Eighty percent of DMD mutations are amenable to exon skipping, and therapies that target skipping of exons 51, 53, 44, and 45 could potentially address 35% of the total DMD patient population.” Locanabio anticipates submitting an investigational new drug (IND) application for LBIO-115 in mid-2024, marking a significant step toward addressing the unmet needs of DMD patients.
Locanabio’s Vectorized snRNA Platform
Locanabio is revolutionizing the field of genetic medicine by harnessing the power of engineered small nuclear RNAs (snRNAs) delivered through adeno-associated virus (AAV) gene therapy in a one-time administration.
These snRNAs offer a cutting-edge approach to precisely target disease-causing RNA with unparalleled precision and effectiveness. Importantly, snRNAs are non-immunogenic, making them an ideal candidate for therapeutic interventions.
The versatility of snRNAs is remarkable, as they can address a wide range of mechanisms underlying genetic diseases. This includes the ability to facilitate exon-skipping, which can either restore a proper reading frame in disrupted genes or regulate mRNA and protein expression to rectify disease-related imbalances.

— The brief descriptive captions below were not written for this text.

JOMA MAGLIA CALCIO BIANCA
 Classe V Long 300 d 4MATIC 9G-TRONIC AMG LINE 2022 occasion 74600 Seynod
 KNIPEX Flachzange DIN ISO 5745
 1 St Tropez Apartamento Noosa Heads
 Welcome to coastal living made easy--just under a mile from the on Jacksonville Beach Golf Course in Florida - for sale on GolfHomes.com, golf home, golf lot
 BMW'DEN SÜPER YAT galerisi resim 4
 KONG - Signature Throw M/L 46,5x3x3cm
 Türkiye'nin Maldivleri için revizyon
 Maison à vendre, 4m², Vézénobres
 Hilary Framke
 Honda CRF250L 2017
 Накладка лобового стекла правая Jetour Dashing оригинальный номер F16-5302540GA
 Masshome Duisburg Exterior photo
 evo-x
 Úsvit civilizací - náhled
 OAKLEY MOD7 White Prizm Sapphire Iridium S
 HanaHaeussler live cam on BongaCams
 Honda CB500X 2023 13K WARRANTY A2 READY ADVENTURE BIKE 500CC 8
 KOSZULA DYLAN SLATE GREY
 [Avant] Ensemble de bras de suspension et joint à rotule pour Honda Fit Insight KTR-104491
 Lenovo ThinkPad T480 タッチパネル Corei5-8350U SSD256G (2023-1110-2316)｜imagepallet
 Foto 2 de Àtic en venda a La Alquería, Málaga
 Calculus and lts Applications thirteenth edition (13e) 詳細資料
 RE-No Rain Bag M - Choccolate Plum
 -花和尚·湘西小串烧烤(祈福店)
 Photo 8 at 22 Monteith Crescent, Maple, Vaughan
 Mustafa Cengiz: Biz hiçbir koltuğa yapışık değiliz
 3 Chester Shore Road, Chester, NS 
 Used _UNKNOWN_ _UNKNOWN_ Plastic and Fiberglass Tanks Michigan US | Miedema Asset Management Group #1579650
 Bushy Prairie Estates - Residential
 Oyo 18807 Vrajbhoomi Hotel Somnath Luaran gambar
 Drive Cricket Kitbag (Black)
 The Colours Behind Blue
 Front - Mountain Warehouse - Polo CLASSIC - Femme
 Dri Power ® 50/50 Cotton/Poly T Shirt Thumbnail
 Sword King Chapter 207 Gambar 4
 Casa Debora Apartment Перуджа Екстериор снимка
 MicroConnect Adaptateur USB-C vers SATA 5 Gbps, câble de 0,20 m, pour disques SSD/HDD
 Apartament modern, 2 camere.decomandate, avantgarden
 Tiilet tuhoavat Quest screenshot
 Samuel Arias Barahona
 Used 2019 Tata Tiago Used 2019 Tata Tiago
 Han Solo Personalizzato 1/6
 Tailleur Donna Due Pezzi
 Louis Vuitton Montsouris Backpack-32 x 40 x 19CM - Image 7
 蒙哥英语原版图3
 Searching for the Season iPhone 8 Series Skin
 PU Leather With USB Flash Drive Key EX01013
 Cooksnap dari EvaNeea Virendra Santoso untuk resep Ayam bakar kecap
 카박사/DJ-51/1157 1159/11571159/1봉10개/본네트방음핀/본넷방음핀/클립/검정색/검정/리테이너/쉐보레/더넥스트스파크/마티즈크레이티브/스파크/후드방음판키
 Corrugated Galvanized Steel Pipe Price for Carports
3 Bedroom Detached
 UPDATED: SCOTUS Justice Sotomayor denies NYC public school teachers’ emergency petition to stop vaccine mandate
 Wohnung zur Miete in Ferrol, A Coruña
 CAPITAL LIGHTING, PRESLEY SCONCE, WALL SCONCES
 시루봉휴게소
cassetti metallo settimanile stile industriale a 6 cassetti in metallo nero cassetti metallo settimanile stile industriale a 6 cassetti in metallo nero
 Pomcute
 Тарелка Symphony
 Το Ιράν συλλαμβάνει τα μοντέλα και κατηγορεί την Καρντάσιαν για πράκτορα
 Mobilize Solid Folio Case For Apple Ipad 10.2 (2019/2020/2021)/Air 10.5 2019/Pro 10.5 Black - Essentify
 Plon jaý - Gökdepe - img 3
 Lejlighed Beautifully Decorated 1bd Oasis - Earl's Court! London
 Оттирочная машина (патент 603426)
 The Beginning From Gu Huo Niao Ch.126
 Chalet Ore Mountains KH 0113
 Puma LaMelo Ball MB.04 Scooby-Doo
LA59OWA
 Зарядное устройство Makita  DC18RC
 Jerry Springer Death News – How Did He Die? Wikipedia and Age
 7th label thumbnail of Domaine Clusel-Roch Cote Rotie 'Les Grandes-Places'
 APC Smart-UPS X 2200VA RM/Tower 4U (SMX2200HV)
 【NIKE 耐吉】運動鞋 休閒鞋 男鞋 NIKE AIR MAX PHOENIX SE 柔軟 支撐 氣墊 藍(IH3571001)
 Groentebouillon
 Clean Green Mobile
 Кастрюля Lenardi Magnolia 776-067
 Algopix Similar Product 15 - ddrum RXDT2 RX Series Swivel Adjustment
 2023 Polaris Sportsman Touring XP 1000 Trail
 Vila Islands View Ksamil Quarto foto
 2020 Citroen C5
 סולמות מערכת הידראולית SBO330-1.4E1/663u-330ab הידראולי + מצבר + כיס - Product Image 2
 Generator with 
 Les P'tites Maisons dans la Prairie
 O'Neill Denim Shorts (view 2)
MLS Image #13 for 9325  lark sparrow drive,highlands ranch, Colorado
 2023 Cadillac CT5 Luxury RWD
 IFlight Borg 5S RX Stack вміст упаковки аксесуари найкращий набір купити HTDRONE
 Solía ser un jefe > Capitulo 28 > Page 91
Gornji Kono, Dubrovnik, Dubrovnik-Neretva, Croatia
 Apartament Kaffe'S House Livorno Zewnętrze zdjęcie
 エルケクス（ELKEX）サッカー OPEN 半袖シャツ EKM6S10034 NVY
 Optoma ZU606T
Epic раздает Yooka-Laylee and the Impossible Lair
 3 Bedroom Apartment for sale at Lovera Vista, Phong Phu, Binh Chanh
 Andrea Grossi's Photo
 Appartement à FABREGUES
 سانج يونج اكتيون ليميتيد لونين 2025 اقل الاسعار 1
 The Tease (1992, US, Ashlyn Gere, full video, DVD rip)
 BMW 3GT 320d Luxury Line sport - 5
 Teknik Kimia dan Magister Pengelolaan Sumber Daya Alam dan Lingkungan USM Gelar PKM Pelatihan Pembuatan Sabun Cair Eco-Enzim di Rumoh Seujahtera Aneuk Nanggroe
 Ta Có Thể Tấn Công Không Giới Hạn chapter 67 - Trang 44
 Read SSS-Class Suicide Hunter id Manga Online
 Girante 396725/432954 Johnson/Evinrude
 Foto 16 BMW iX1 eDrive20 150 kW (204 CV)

Moreover, snRNAs can be programmed to target specific toxic RNA repeat sequences implicated in various disorders. Additionally, they have the unique capability to recruit endogenous adenosine deaminases acting on RNA (ADARs) for therapeutic RNA editing, allowing for precise and customized RNA modifications to correct disease-causing mutations.
One of the key advantages of snRNAs is their small size, which allows for the delivery of multiple snRNAs within a single AAV vector. This innovative approach not only enhances therapeutic potency but also facilitates the simultaneous targeting of multiple RNA-based disease drivers.
Locanabio’s pioneering work with snRNAs and AAV gene therapy represents a promising frontier in the treatment of rare genetic neuromuscular and neurodegenerative diseases. Their approach holds the potential to provide lasting and transformative benefits to patients, offering hope for previously untreatable conditions.
About Duchenne Muscular Dystrophy (DMD)
Duchenne muscular dystrophy (DMD) is an extremely rare and devastating X-linked recessive degenerative neuromuscular disorder. It is primarily caused by mutations in the dystrophin gene, which is notable for being the largest gene in the human genome.
These genetic mutations can occur at various points within the dystrophin gene, most commonly resulting in large exon deletions or duplications. These mutations lead to the production of dysfunctional dystrophin protein.
Dystrophin is a critical protein in muscle function, serving a pivotal structural role in muscle fibers. It forms part of a group of proteins whose primary function is to fortify muscle fibers, safeguarding them against injury as muscles undergo the contraction and relaxation processes. Without properly functioning dystrophin, muscle cells are vulnerable to damage, initiating a cycle of muscle wasting.
Individuals affected by DMD experience a relentless progression of symptoms, including progressive muscle wasting, difficulty in controlling movement, respiratory failure, and heart failure.
These debilitating effects typically result in the need for full-time wheelchair use during the teenage years and early twenties. Tragically, DMD significantly reduces life expectancy, making it a formidable challenge for affected individuals and their families.
Given its rarity and severity, DMD represents a poignant example of the importance of innovative medical research and therapies, such as those being developed by companies like Locanabio, to address the unmet needs of individuals living with this devastating condition.